Screen Shot 2013-02-08 at 14.22.52

I defined the vESX accordingly:

  • Name: esxnj01
  • Hardware Version: 9
  • Operating System Family: Linux
  • Operating System Version: RHEL6 64-bit
  • vCPU: 2
  • Enable: Expose Hardware-Assisted CPU Virtualization to guest OS

Screen Shot 2013-02-08 at 14.33.46

When you scroll down this dialog box your able to set other options such as memory, virtual disk size, Disk Bus Type and the number of virtual NICs. I defined these accordingly:

  • vCPU: 2
  • Memory: 4GB
  • Hard Disk Size: 10GB
  • Bus Type: LSI Logic SAS (SCSI)
  • Number of Nics: 4

Screen Shot 2013-02-08 at 14.39.26

4GB of memory is probably just enough to boot ESX and run some low-level 32-bit VMs like Windows XP/Windows 2003 – anything else as nested VM (vINCEPTION Level2) is going to require more resources. You will want enough vESX to be able to meaningfully use features like VMware HA/DRS, but not too much because fundamentally these resources will have to be found at the vINCEPTION0 layer – the physical world. A 10GB disk is more than enough space for the ESX host software, and initially I started out with a smaller disk – however that triggered disk alarms from vCenter on the local VMFS volume so I increased this to avoid getting unsightly alarms on first use. We need to use the LSI Logic SAS controller to have our vESX recognise the virtual disk attached to it. As for NICs, a minimum of 4 has been my entry-number ever since ESX 2.x days. But remember this all virtual so you can have as many as you like fundamentally this network is being provided by the underlying physical hosts in vINCEPTION0.

The next part of the wizard concerns naming of the vESX hosts, and their storage location – your call. The next part is a little bit more significant the networking. Using the option to “Show network adapter type” is handy – as it shows the default type used is e1000. That’s a must because a vESX host currently has no VMware Tools package that would allow a virtual VMXNET device to work. Wouldn’t it be great if you could for improved vESX network performance? The two thing worth mentioning here is where NIC0/1/2/3 get patched and how we handle the IP. Notice in my screen grab how NIC3 is being patched into the CorpHQ-StorageNetwork for “direct” access to my pStorage layer. That will be significant later when I configure a VMkernel port, I will have to use vmnic3 to get the communication working… There’s no point in setting anything other than “DHCP” on any of these interfaces because we are doing a manual installation of ESX (not from a template in the catalog) and currently the vESX host cannot utilize the guest customization provided by vCloud Director.
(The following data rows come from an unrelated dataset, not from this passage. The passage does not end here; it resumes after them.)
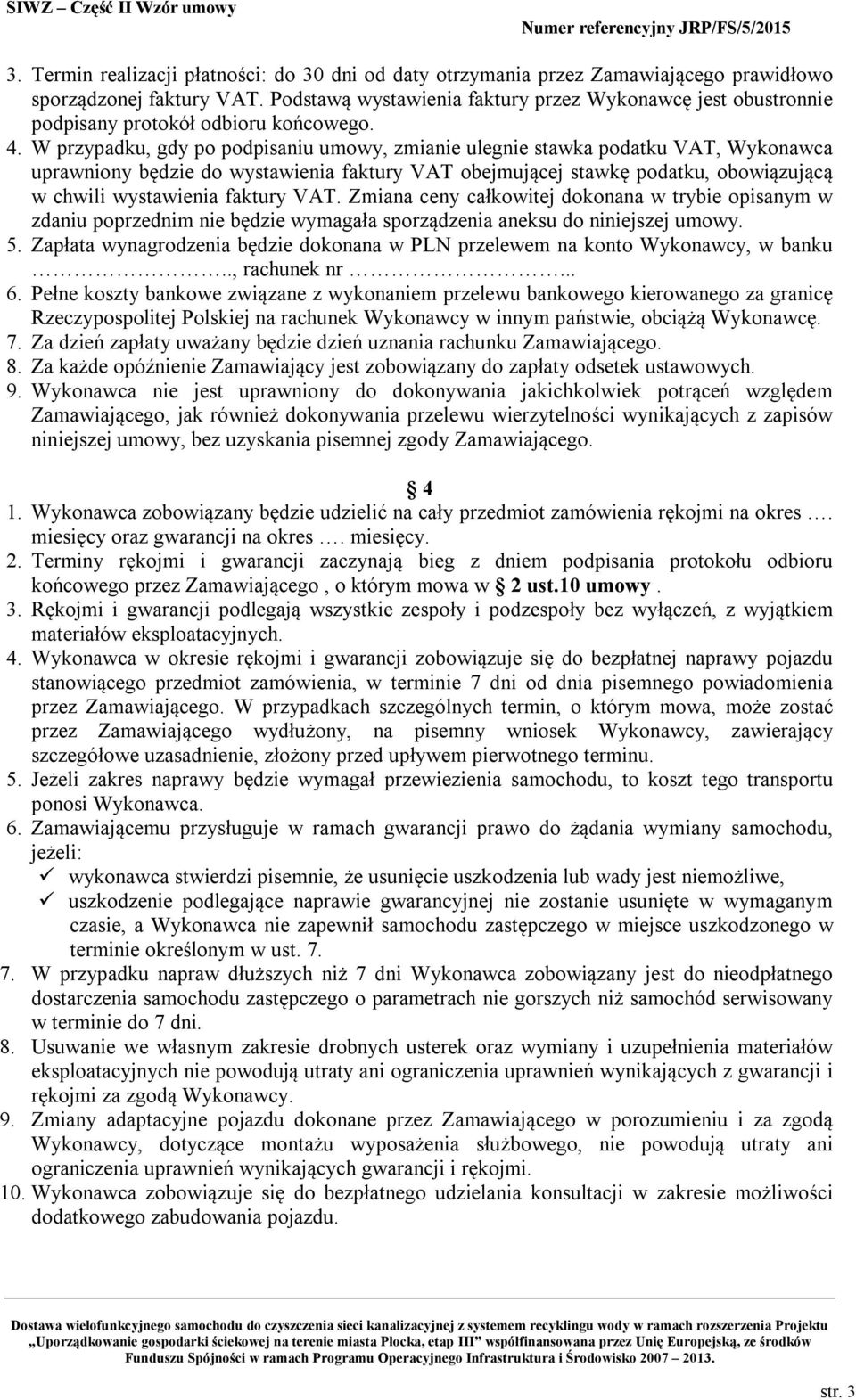 W przypadku, gdy po podpisaniu umowy, zmianie ulegnie stawka podatku VAT, Wykonawca uprawniony będzie do wystawienia faktury VAT obejmującej stawkę podatku, obowiązującą w chwili wystawienia faktury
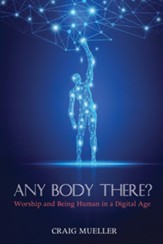 Any Body There?: Worship and Being Human in a Digital Age - eBook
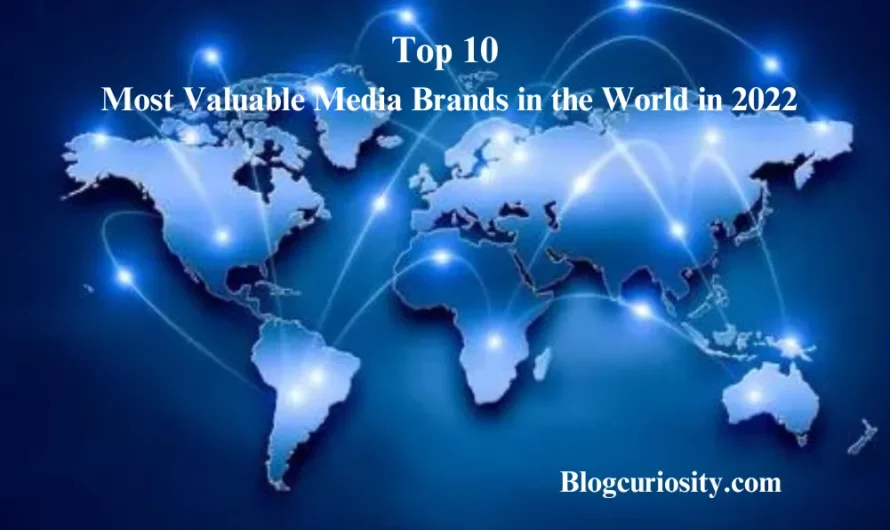 Top 10 Most Valuable Media Brands in the World in 2022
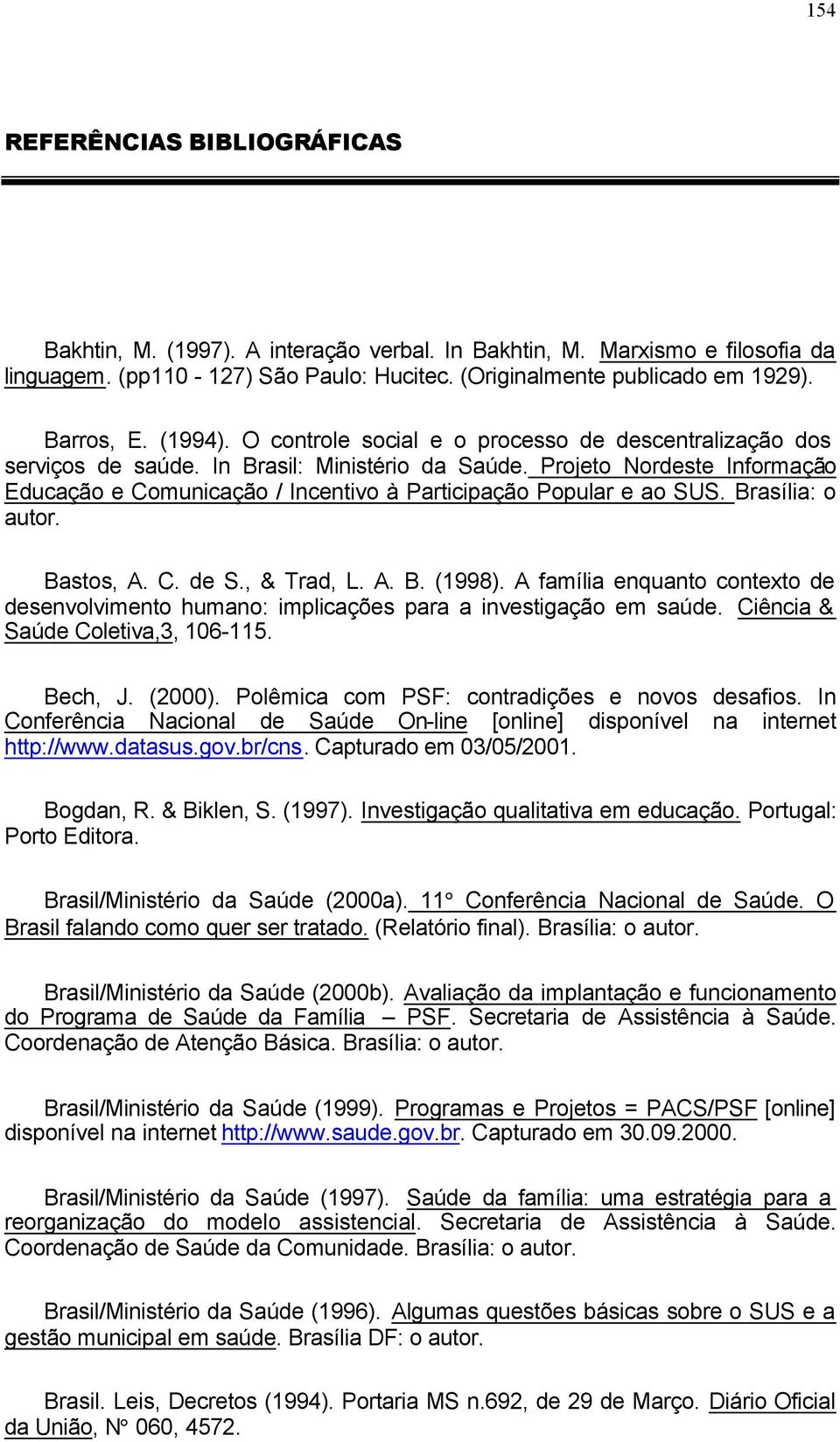 Projeto Nordeste Informação Educação e Comunicação / Incentivo à Participação Popular e ao SUS. Brasília: o autor. Bastos, A. C. de S., & Trad, L. A. B. (1998).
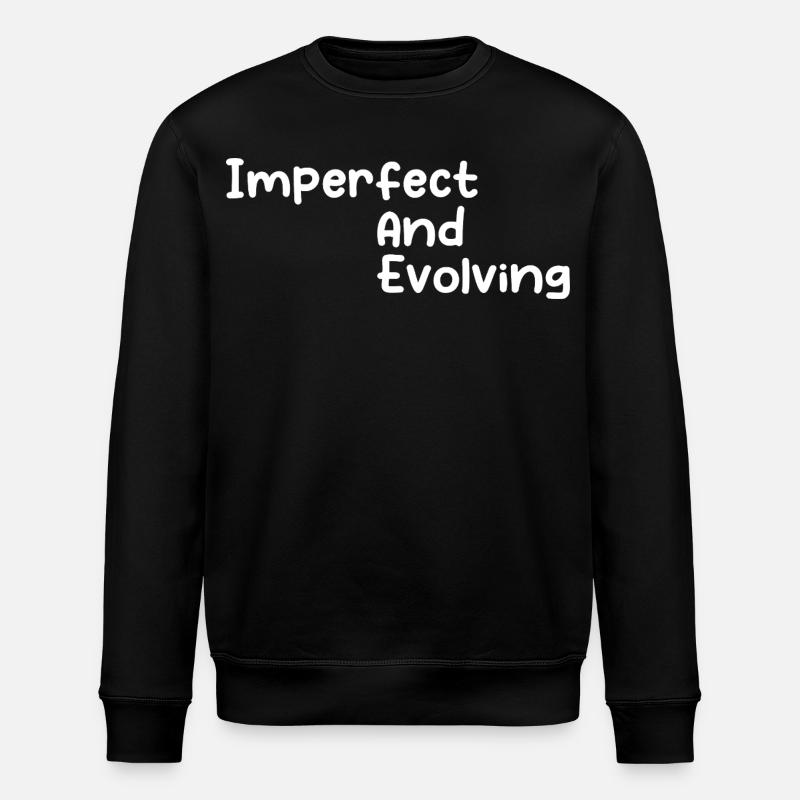 Imperfect and evolving - Stanley/Stella ROLLER Unisex Organic Sweatshirt - black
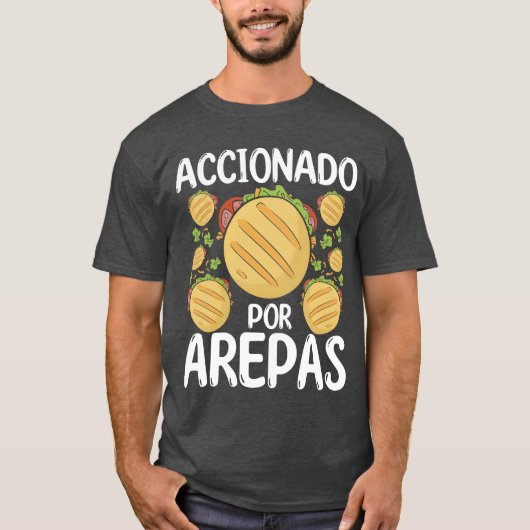 T-shirt Arepas Maker Accionado por Arepas Hispanic Food gi (Devant)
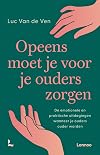 Opeens moet je voor je ouders zorgen de emotionele en praktische uitdagingen wanneer je ouders ouder worden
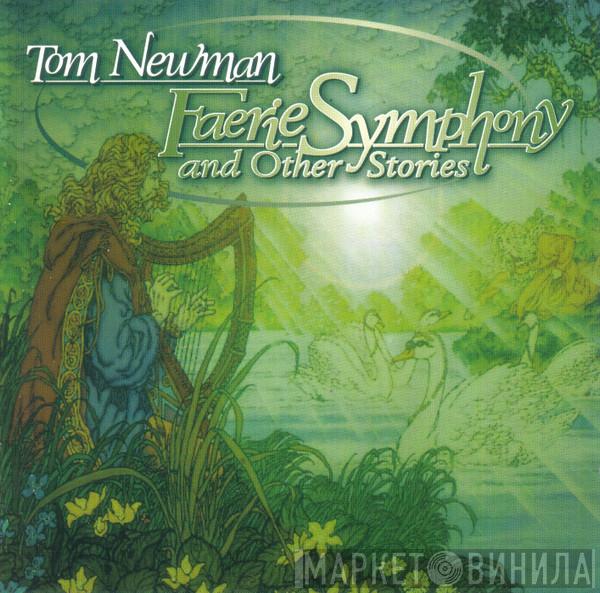  Tom Newman   - Faerie Symphony And Other Stories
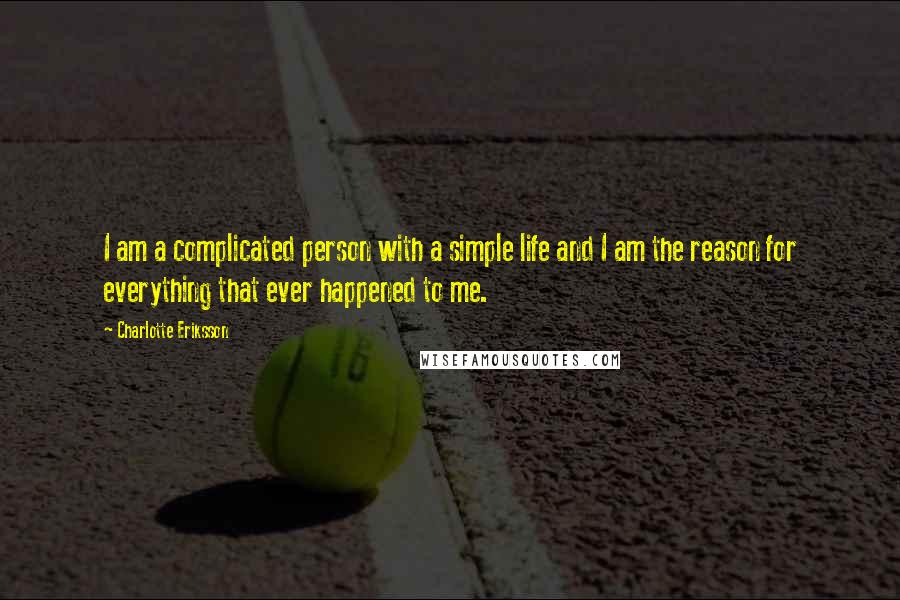 Charlotte Eriksson Quotes: I am a complicated person with a simple life and I am the reason for everything that ever happened to me.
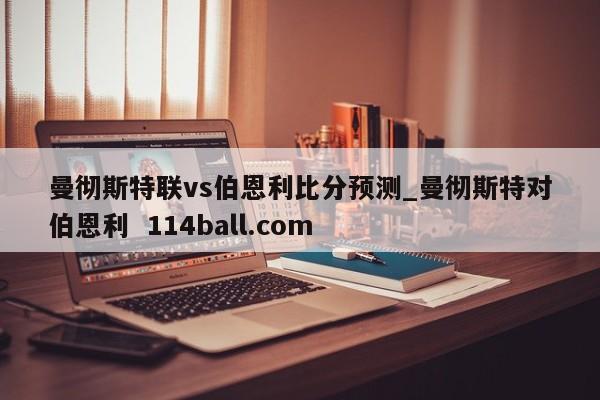曼彻斯特联vs伯恩利比分预测_曼彻斯特对伯恩利  114ball.com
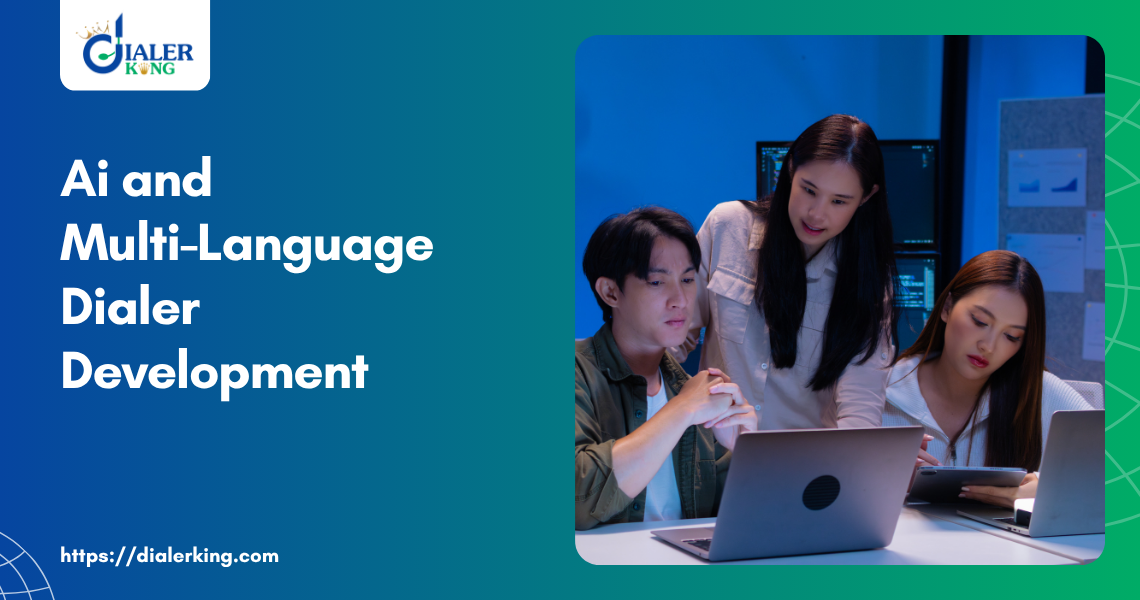 Ai & Multi-Language Dialer Development
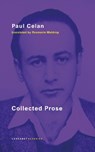 Collected Prose - Paul Celan - 9781800175402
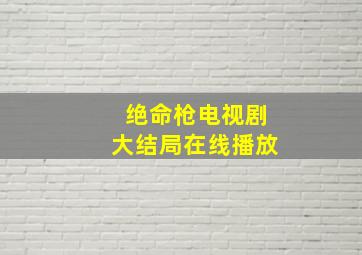 绝命枪电视剧大结局在线播放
Screen Shot 2013-02-08 at 14.58.46

Note: With hindsight I’m wondering if having NIC0/1/2 configured to the Organization Network is wise. It might have nice to have vSphere vApp behind a vApp Network – and then patch each NIC into its own network. One thing I haven’t dared to think of is how to do vCloud networking with vSphere vApp. I might be that doing something like vCDNI might be the best way of providing multiple networks – after all I can’t define VLANs within a vApp – I can only define pools of VLANs.

The next thing to do (before powering on the vESX) is to attach (or Insert as vCD likes to call it) the ESX 5.1 CD to the VM using the CD-icon…

Screen Shot 2013-02-08 at 15.05.50

On power on the vESX VM within the vApp should boot to the ESX 5.1 CD as normal…

Screen Shot 2013-02-08 at 15.08.50

When the install has completed you can use Eject CD/DVD on the right-click of the vESX VM to stop it booting to the CD again… By the end of this process this is what my vSphere vApp looked like:

Screen Shot 2013-02-11 at 11.10.25

 So here you can see three ESX hosts with the vmnic4 mapped to different organization network compared to vmnic0/1/2 that allows for access to the underlying storage layer…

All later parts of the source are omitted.